Gabriel is coming undone at the prospect of an unexpected meeting with his son, Andrew Price (Josh Odsess-Rubin), who he abandoned 20 years earlier. At least the matter of what to serve for lunch is settled when a fish falls from the sodden atmosphere and lands at Gabriel’s feet. In a riveting opening monologue, Gabriel reveals that 50 years earlier his grandfather predicted that a fish falling from the sky would herald a great flood ending life on Earth.

 

Sorting out the present requires coming to terms with a family secret dating back 80 years involving Gabriel’s London-based grandparents, Henry Law (also played by Alita) and Elizabeth Law (played as a young woman by Beth Gallagher and later in the story as an older woman by Cristina Soria). The incident sets into motion a destructive recurring cycle of actions, inactions, and betrayals that will shape four generations. Also recurring in the story is the name Gabriel/Gabrielle applied to three characters played by four actors, both male and female.

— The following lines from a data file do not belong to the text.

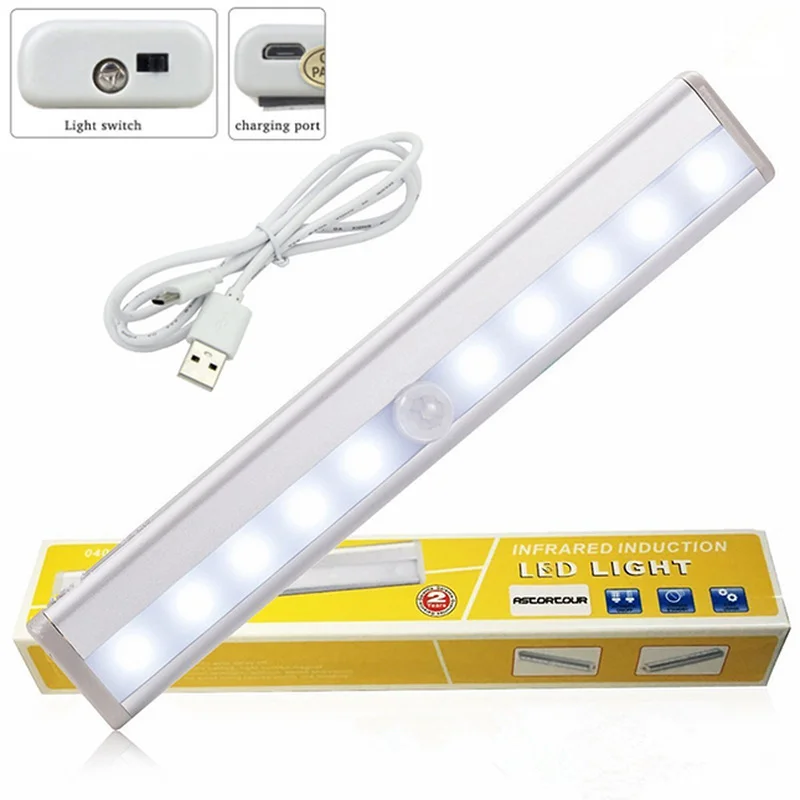 USB сенсор 10 светодио дный LED перезаряжаемые гардероб огни движения Портативный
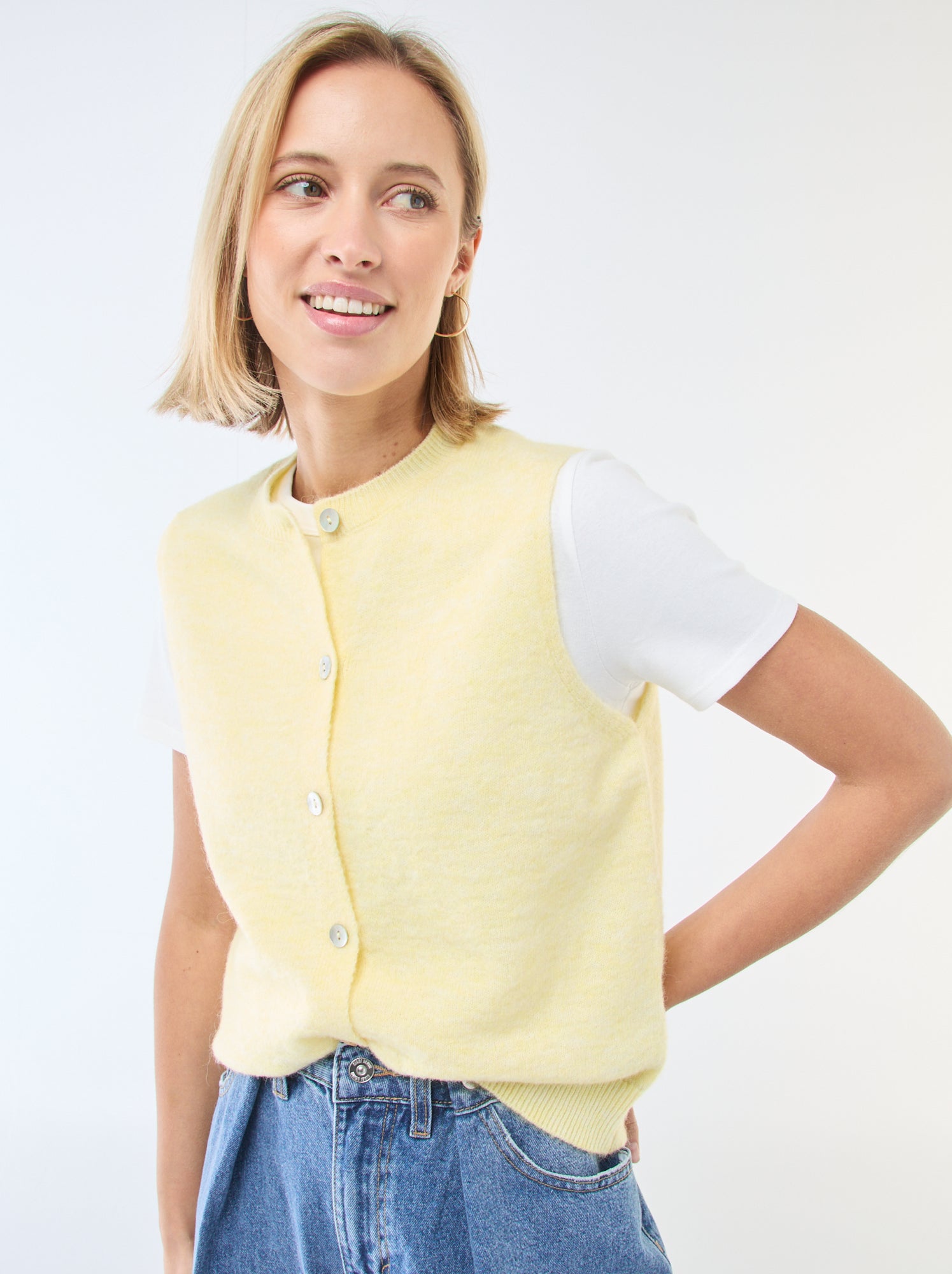 MINTLIMTI Cardigan Lavorato A Maglia A Maniche Lunghe Da Donna, Giacca Bolero, Maglione, Top Per Abito Blanc M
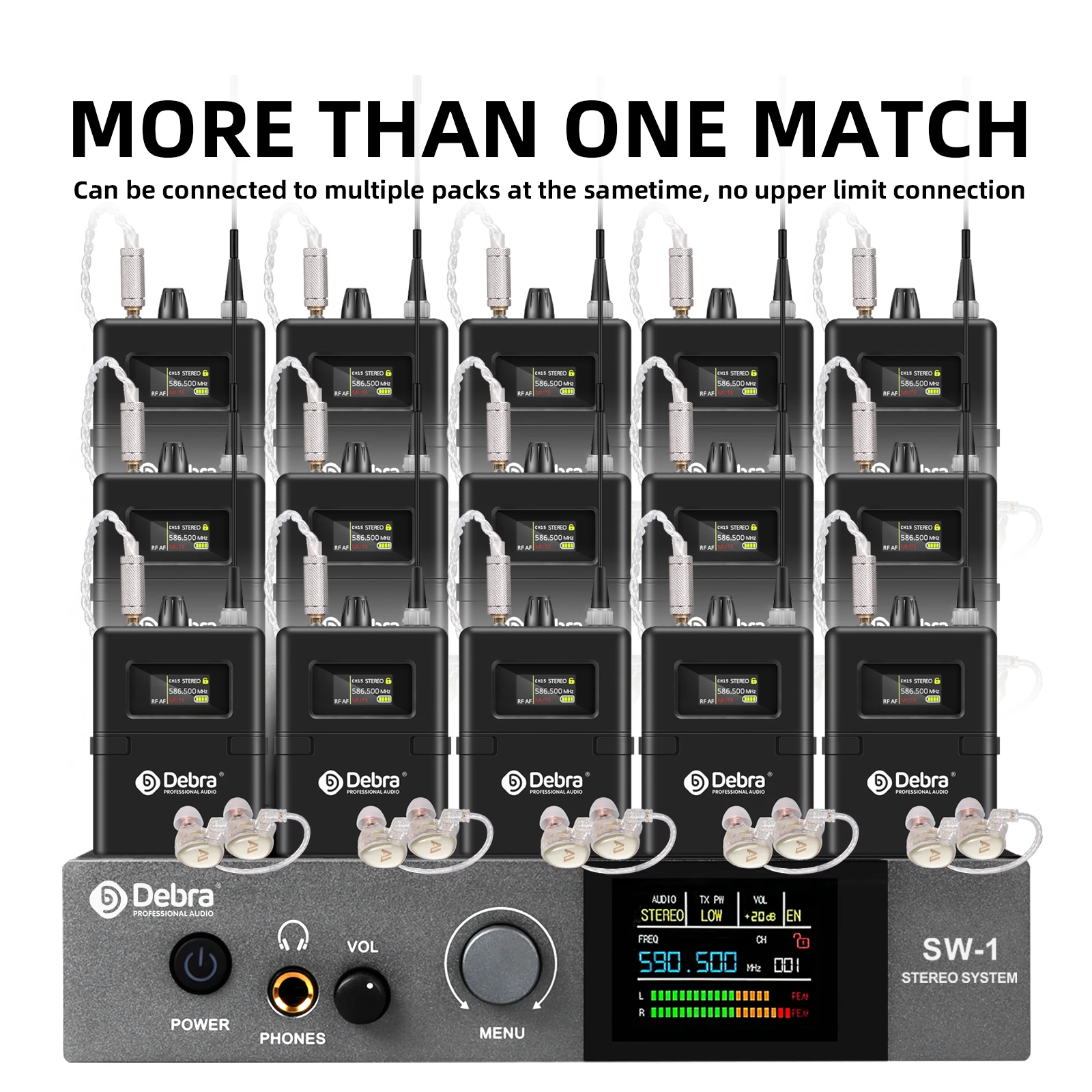 SW-1 Wireless Stereo In-Ear Monitoring System, Real-time In-Ear Monitoring, 590-599 MHz, for Stage and Outdoor Performance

The program thoughtfully provides a genealogy guide resembling a company ORG chart.

 

The story line moves from future to the past and back again as well as alternates between continents as Henry and Elizabeth’s son, Gabriel Law (say hello again to Josh Odsess-Rubin), sets out for an enigmatic region Down Under in search of Henry, who walked out on the family before the boy developed memory of him. A few lines scrawled on the back of a postcard serve as Gabriel’s only guide. Here his future and his past literally collide. The audience holds its collective breath when it does. High marks to dialect coach Vanessa Dinning who masterfully worked with the actors on their British and Australian accents.

 

“When the Rain Stops Falling” is intricate and exquisite writing, by Australian playwright Andrew Bovell, that comes alive under director Rob Lutfy. All seven actors remain on stage throughout the story with one or two characters at any given moment fluidly advancing into a scene while the others remain hazily visible in the shadows. The effect is not unlike the way memories alternate in one’s consciousness. The claustrophobic, minimalist set (by Jungah Han) brings to mind the inside of an aged, splintered keepsake box.